(Caption-style text data)
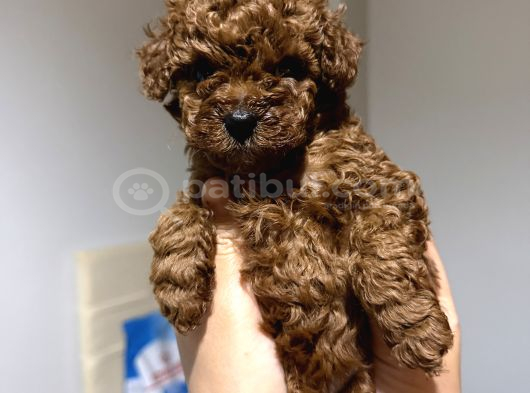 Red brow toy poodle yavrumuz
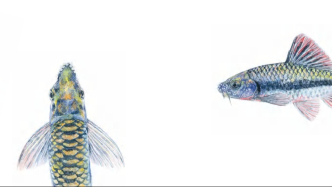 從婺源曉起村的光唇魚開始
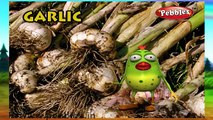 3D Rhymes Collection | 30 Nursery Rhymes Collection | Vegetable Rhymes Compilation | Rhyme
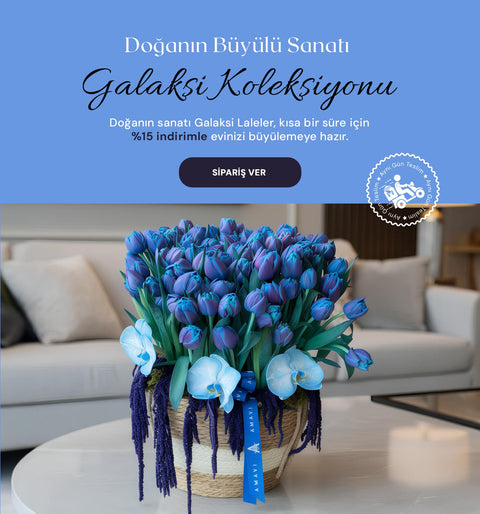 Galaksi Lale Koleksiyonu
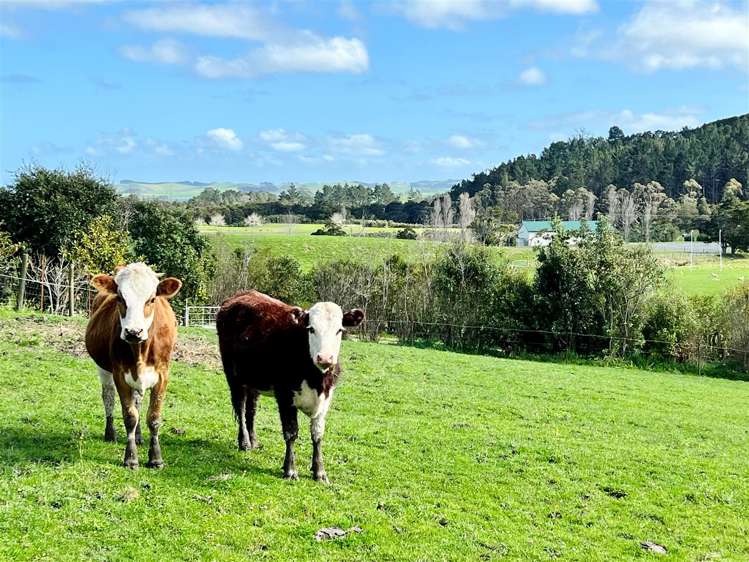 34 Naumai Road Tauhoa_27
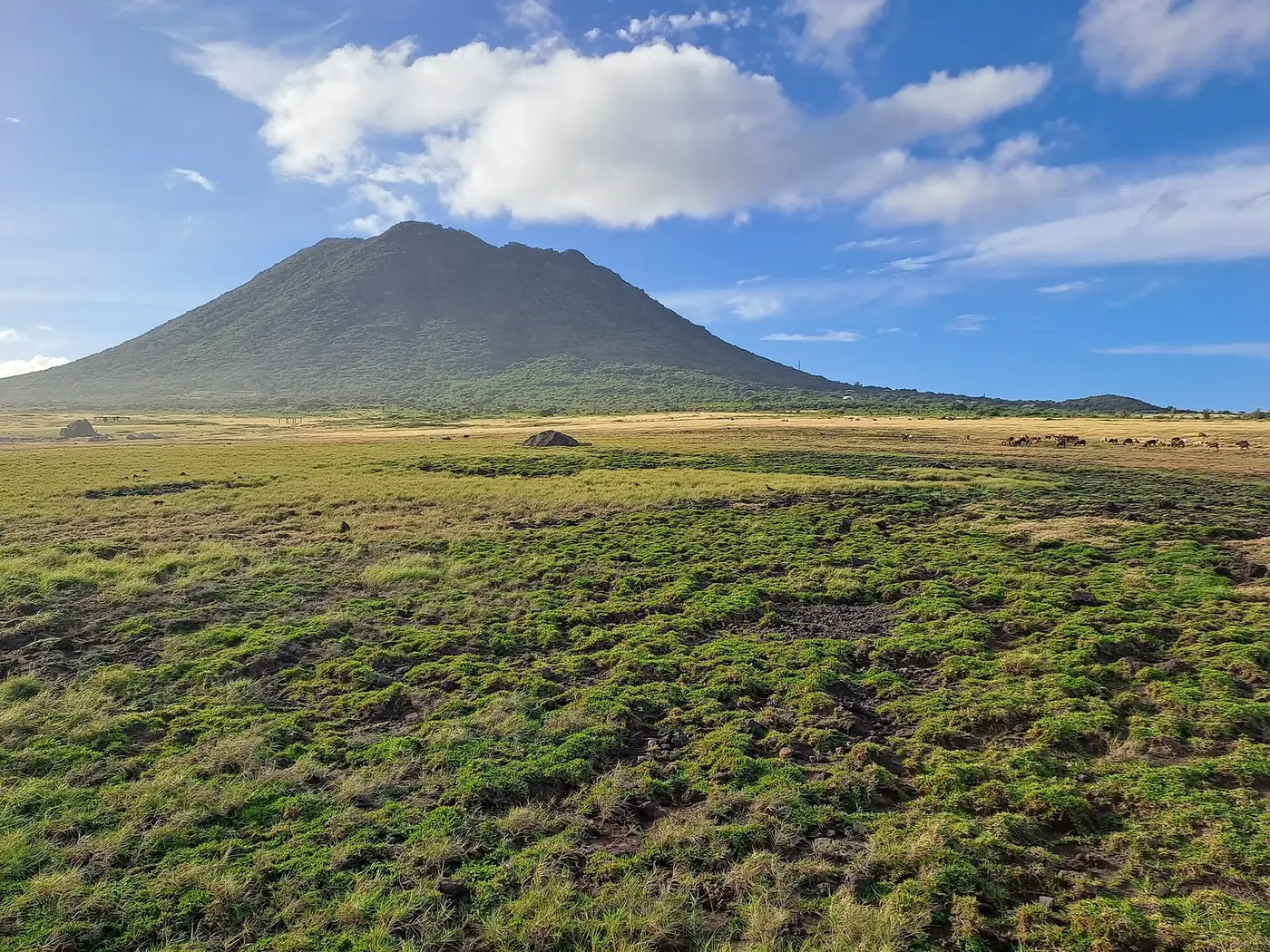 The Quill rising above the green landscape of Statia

**What the exercise asks:**
Could you repeat all of the entries exactly, without the pictures?

**Task result:**
 Red brow toy poodle yavrumuz
 從婺源曉起村的光唇魚開始
 3D Rhymes Collection | 30 Nursery Rhymes Collection | Vegetable Rhymes Compilation | Rhyme
 Galaksi Lale Koleksiyonu
 34 Naumai Road Tauhoa_27
 The Quill rising above the green landscape of Statia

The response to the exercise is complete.